Una mujer, de apenas 1,70 metros de altura, con la sonrisa de un millón de risas, y los ojos de alguien cuyos recuerdos son fríos y brutales al tacto, caminaba dentro del club. Ella exhaló un suspiro de alivio cuando entró y sintió un poco de aire moverse por su cara. La noche de julio había enviado un poco de sudor a su templo. Funcionó a su favor, haciéndola parecer como si hubiera robado algo de la luz de la luna y vestido su cara con ella. Su cabello estaba desequilibrado, a propósito. Corte en un estilo asimétrico que reflejaba a todas las mujeres negras vivas en 1988. Moviendo la parte más larga de su cabello hacia un lado, escaneó la habitación en busca de un asiento vacío. Al encontrar una, se sentó en ella, esperando a una amiga mientras se divertía. Era como si no tuviera ningún problema en ser su propia compañía.

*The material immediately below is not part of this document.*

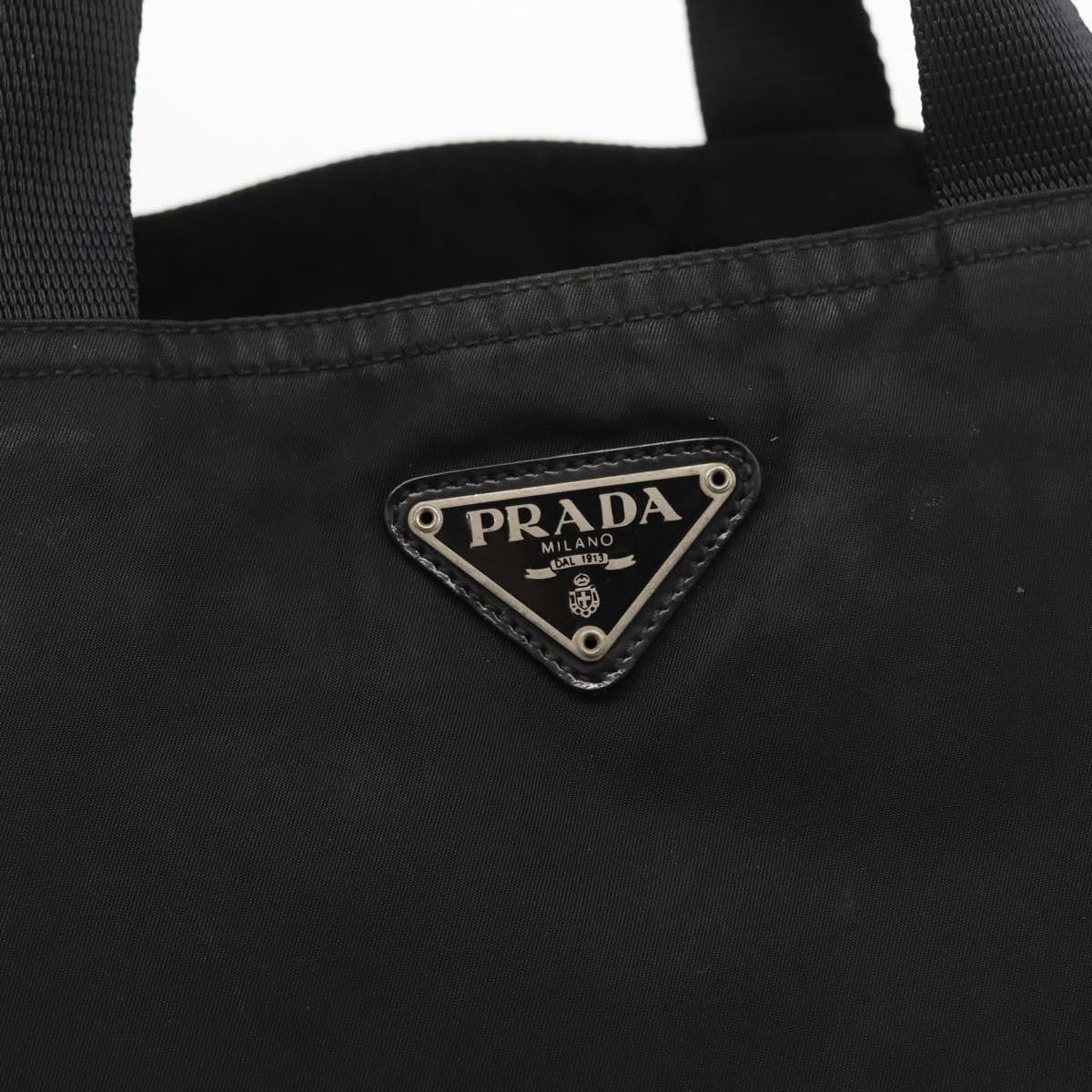 Prada PRADA Tote Bag Nylon Black Silver Authentic bs29615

Al lado de la puerta, reconoció al tipo que entraba. Las luces eran tenues, pero brillaban lo suficiente para iluminar su cara. Era difícil no darse cuenta de sus profundos ojos marrones y de cómo estaban fijos debajo de un par de largas y oscuras cejas. Uno de los cuales tenía una cicatriz en el medio. Tal vez una señal de que tenía el hábito de dejar las cosas rotas. La vio sentada con sus amigos y le mostró una sonrisa torcida. Esa sonrisa hizo que la mayoría de las mujeres olvidaran su sentido común. Pero esta mujer era su jefa, y diez años mayor que él. Era demasiado grande para estar desesperada, pero lo suficientemente sensible como para saber que él estaba bien.

Unas semanas antes, un amigo en común los había presentado. Acababa de salir del ejército y necesitaba un trabajo civil. Ella dirigía un restaurante y estaba dispuesta a darle un uniforme que no tuviera que aprender a disparar para ponerse. Al principio, ella no estaba impresionada por su presencia. Para ella, él no era diferente a cualquier otro tipo que ella tenía en su nómina hasta la noche en que lo vio vestido como él mismo. Se marchó y olió como si fuera un día malo, él tenía su atención. 

A partir de ahí, se hicieron amigos. No salieron en citas; salieron a comer. Las veces que él se quedaba en su casa y se reía toda la noche, no estaban pasando tiempo juntos, estaban pasando el rato. Y cuando lo hicieron, fue su mente la que más la entretuvo. Cuando él habló, ella vio lo mucho que él era capaz de aguantar dentro de ella. Vio que enterraba cosas -ideas, miedos, hechos, rostros, fantasías- que solo se caían cuando él tenía ganas de hablar. Hizo preguntas que ella nunca supo que podía responder. Ella aprendió más sobre su mente al interactuar con la de él.

No era seguro asumir que su presencia significaba que estaba decidido a quedarse. Su amistad estaba hecha de cuerdas de hilo destinadas a no juntarse nunca. Sin embargo, eso no impidió que se convirtieran en uno en ocasiones. A los dos meses de ser amantes, y nunca etiquetando su situación como tal, se dio cuenta de que nada de lo que había tomado para sus náuseas recurrentes parecía funcionar. Dos cucharadas de Pepto-Bismol con el estómago lleno eran claramente inútiles y sin mencionar que sus vaqueros continuaban encogiéndose o que sus muslos crecían día a día. Asumiendo que la menopausia fue la causa de la traición de su cuerpo, fue al médico, solo para descubrir que no eran las hormonas menopáusicas las que abusaban de ella. Estaba creciendo dentro de ella.

"Quiero un aborto", dijo mi madre. Al otro lado del teléfono estaba su mejor amiga. Se conocían desde que tenían cuatro años.

Cuando Dwight D. Eisenhower era presidente y cuando muchas mujeres tenían bebés que no querían o no podían mantener, pero sin dinero para evitar que vinieran, las dejaron crecer de todos modos. El grueso cordón de extensión blanco que sobresalía de la parte inferior del teléfono seguía quedando atrapado entre su muñeca y su antebrazo. Ella movió el teléfono a la otra oreja para que se desenredara. Estaba añadiendo a la frustración que sentía arder en sus manos. "No quiero al bebé de esta manera".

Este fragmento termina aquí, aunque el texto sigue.